[Saved data entries]
* * * * *

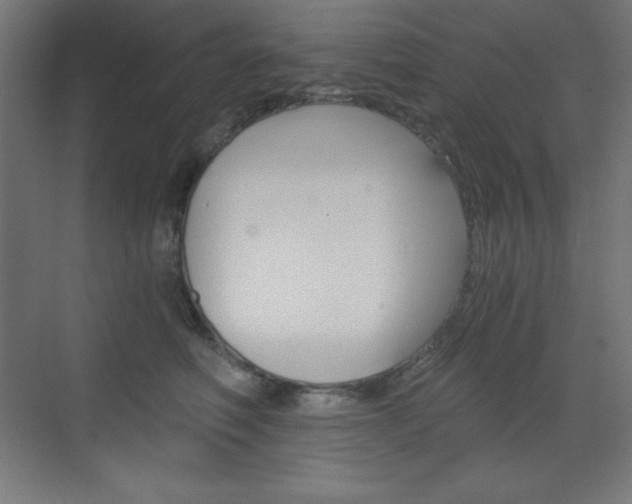 X0000073430614200607281007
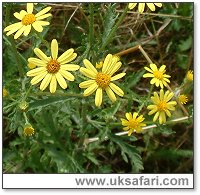 Ragwort - Photo  Copyright 2003 Gary Bradley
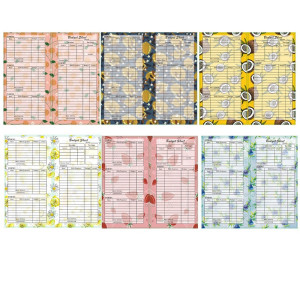 Планер Budget Sheet з фруктовим малюнком 12 аркушів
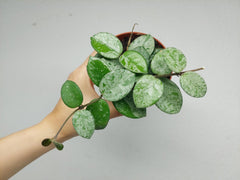 Hoya Mathilde Splash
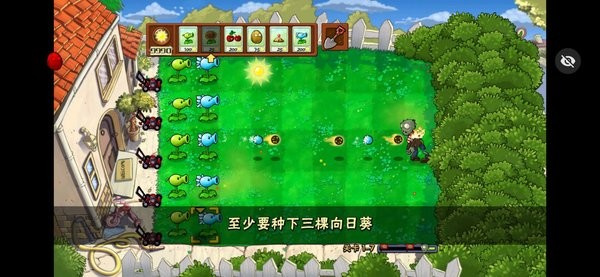 植物大战僵尸活死人之园废稿版图3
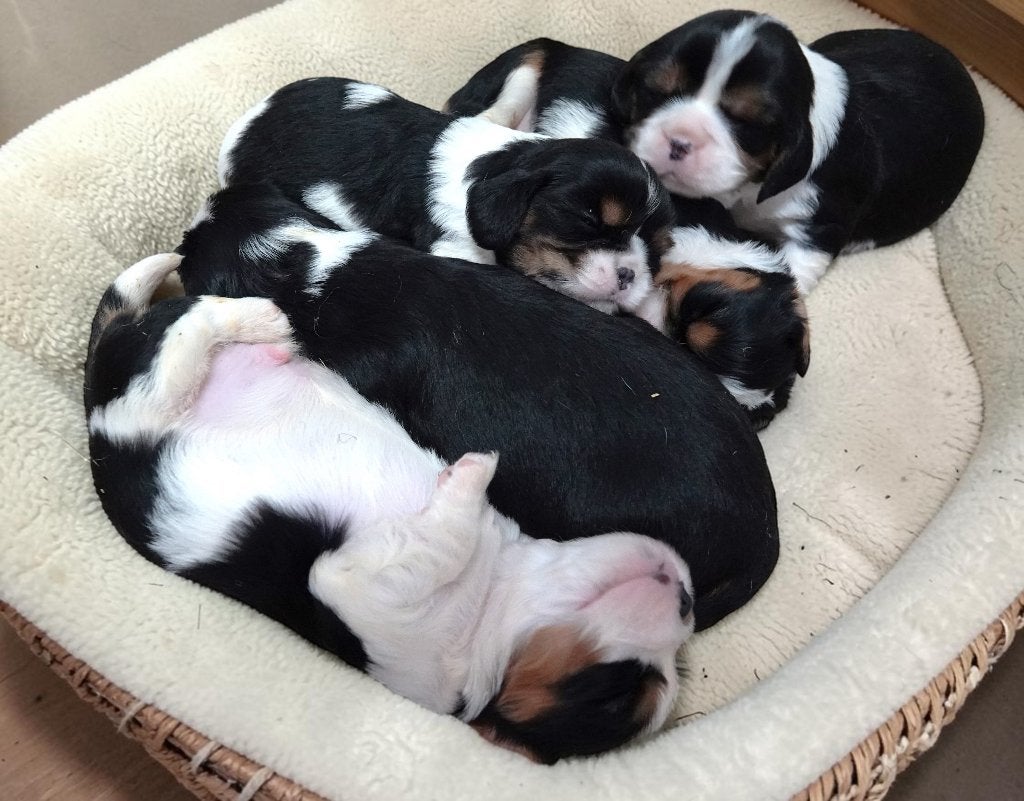 Cavalier King Charles Spaniel            (outcross)  !!!!!!, Nederland, Overige rassen, CDV (hondenziekte), 8 tot 15 weken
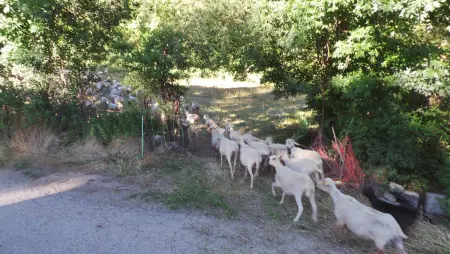 Maison familiale Bellver de Cerdanya, Maison 9 personnes à Bellver de Cerdanya - Photo 47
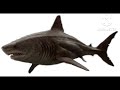 Megalodon Sings Monster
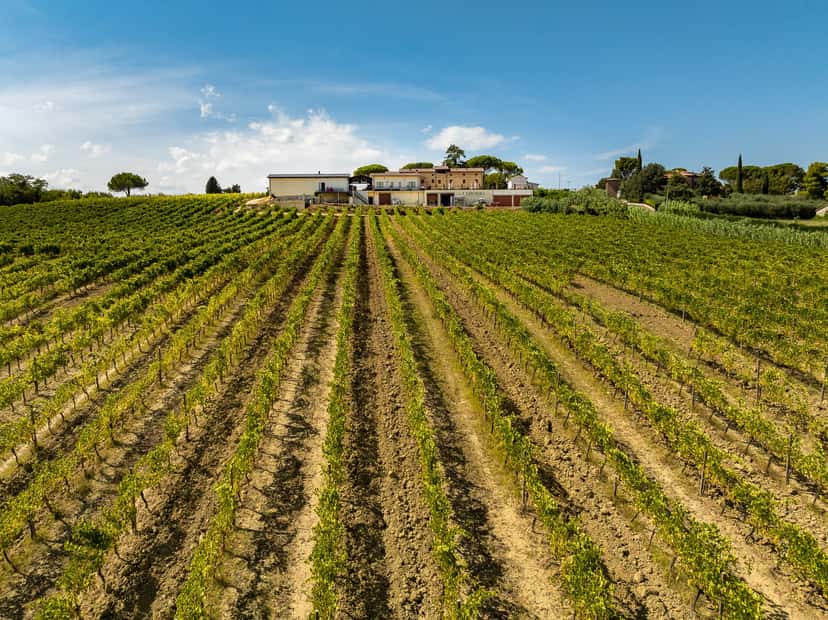 Chiorri Winery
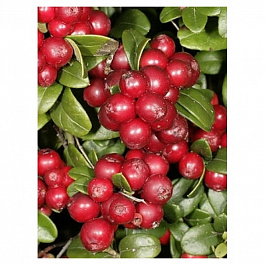 Брусника Санна Брусника Санна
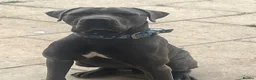 Cane Corso dogs for sale: 10 month old cane corso - Advert 2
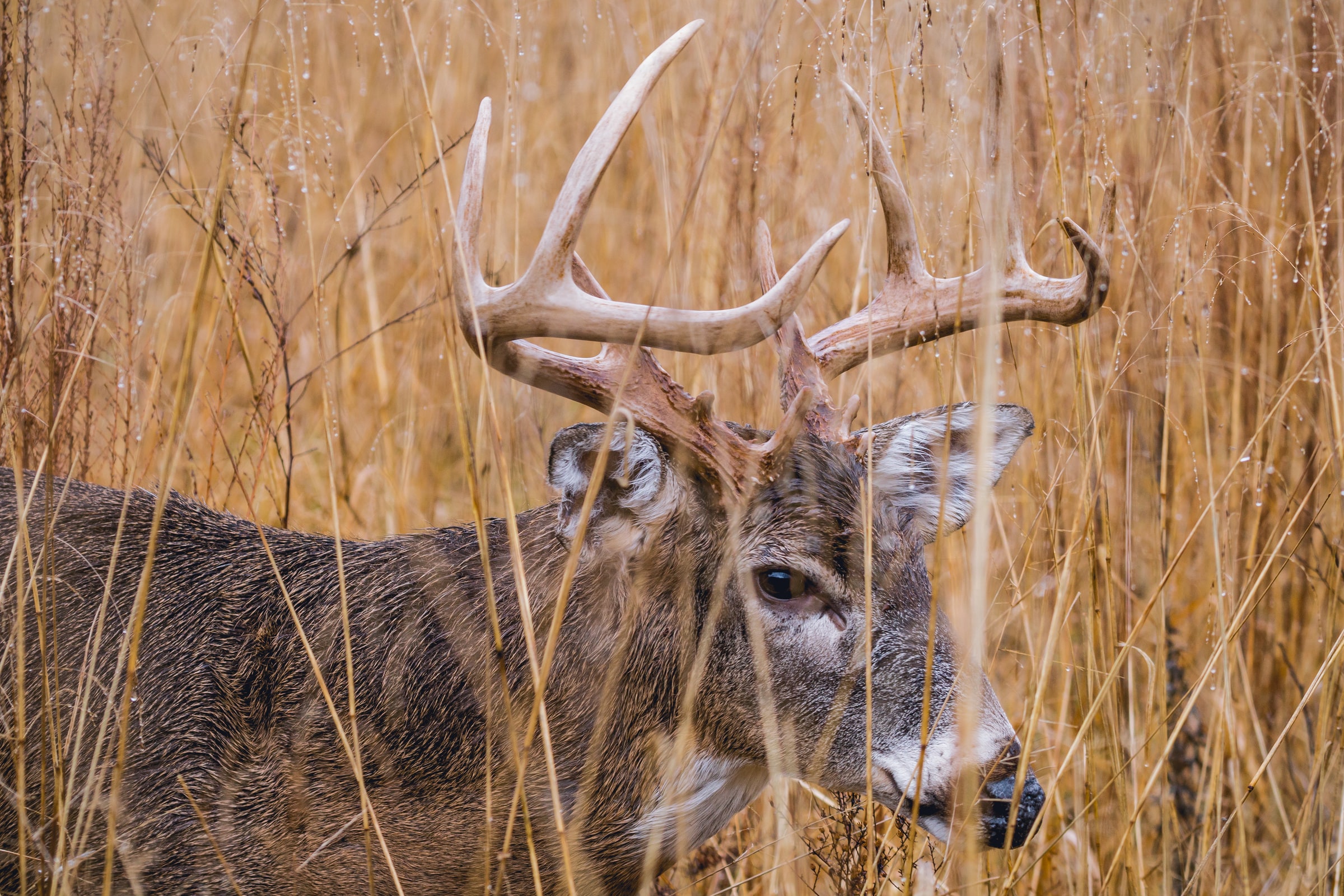 This was one of the best deer seasons in Maine history.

* * * * *

WHAT TO DO — Every record should come back exactly as it is, though none of the pictures should.

WRITTEN SOLUTION —
 X0000073430614200607281007
 Ragwort - Photo  Copyright 2003 Gary Bradley
 Планер Budget Sheet з фруктовим малюнком 12 аркушів
 Hoya Mathilde Splash
 植物大战僵尸活死人之园废稿版图3
 Cavalier King Charles Spaniel            (outcross)  !!!!!!, Nederland, Overige rassen, CDV (hondenziekte), 8 tot 15 weken
 Maison familiale Bellver de Cerdanya, Maison 9 personnes à Bellver de Cerdanya - Photo 47
 Megalodon Sings Monster
 Chiorri Winery
 Брусника Санна Брусника Санна
 Cane Corso dogs for sale: 10 month old cane corso - Advert 2
 This was one of the best deer seasons in Maine history.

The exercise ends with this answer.